### What to work on
Once you find the line containing "this 1200×774 image." in the data below, copy it and each following line exactly, up to and including the line containing "this 250×188 image.", and nothing else.

**** Available data ****

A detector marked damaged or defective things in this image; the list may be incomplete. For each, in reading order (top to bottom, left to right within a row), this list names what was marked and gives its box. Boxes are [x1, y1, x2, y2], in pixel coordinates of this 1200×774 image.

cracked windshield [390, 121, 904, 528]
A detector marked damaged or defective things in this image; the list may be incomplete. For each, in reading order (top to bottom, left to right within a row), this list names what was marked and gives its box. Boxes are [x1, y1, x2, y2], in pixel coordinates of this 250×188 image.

****
**** Available data ****

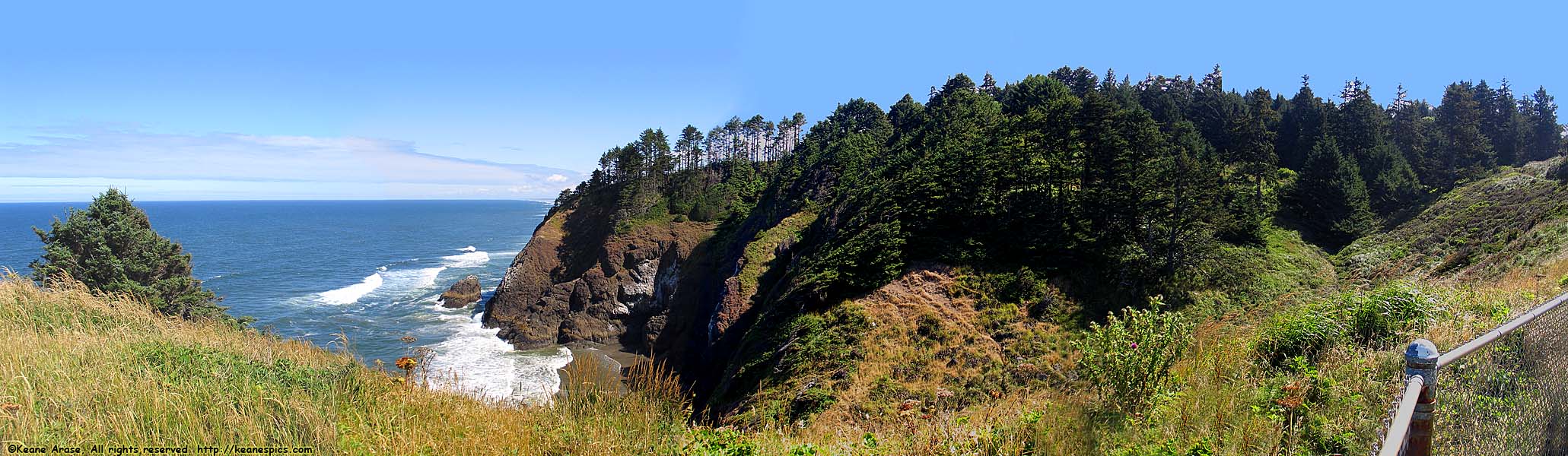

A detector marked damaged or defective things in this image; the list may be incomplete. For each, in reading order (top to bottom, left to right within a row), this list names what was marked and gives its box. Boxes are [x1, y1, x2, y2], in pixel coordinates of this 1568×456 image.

****
**** Available data ****

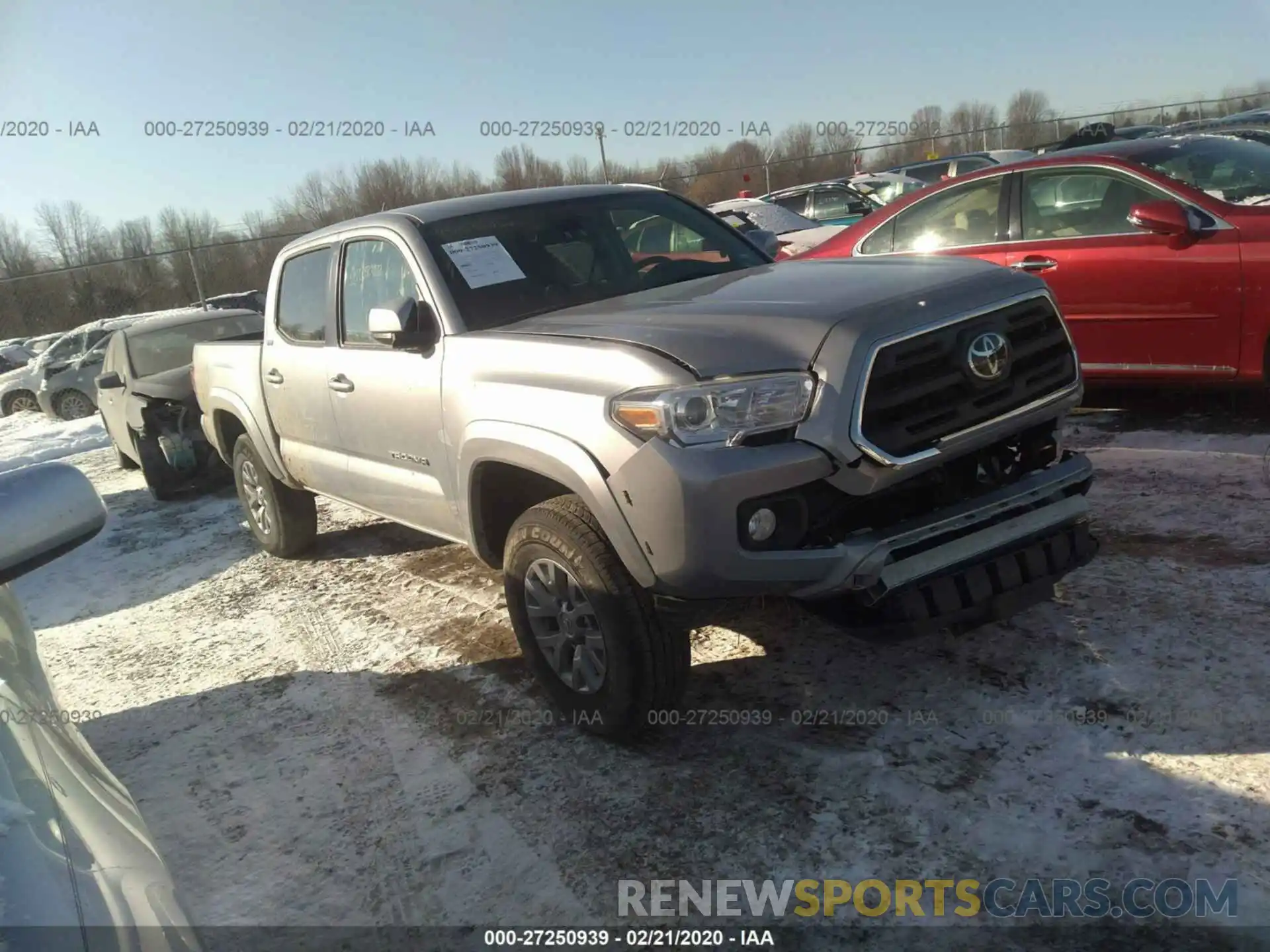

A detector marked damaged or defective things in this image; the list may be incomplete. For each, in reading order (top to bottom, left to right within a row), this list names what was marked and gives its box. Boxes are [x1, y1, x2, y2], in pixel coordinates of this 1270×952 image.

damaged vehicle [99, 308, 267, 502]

****

### Solution
A detector marked damaged or defective things in this image; the list may be incomplete. For each, in reading order (top to bottom, left to right within a row), this list names what was marked and gives its box. Boxes are [x1, y1, x2, y2], in pixel coordinates of this 1200×774 image.

cracked windshield [390, 121, 904, 528]
A detector marked damaged or defective things in this image; the list may be incomplete. For each, in reading order (top to bottom, left to right within a row), this list names what was marked and gives its box. Boxes are [x1, y1, x2, y2], in pixel coordinates of this 250×188 image.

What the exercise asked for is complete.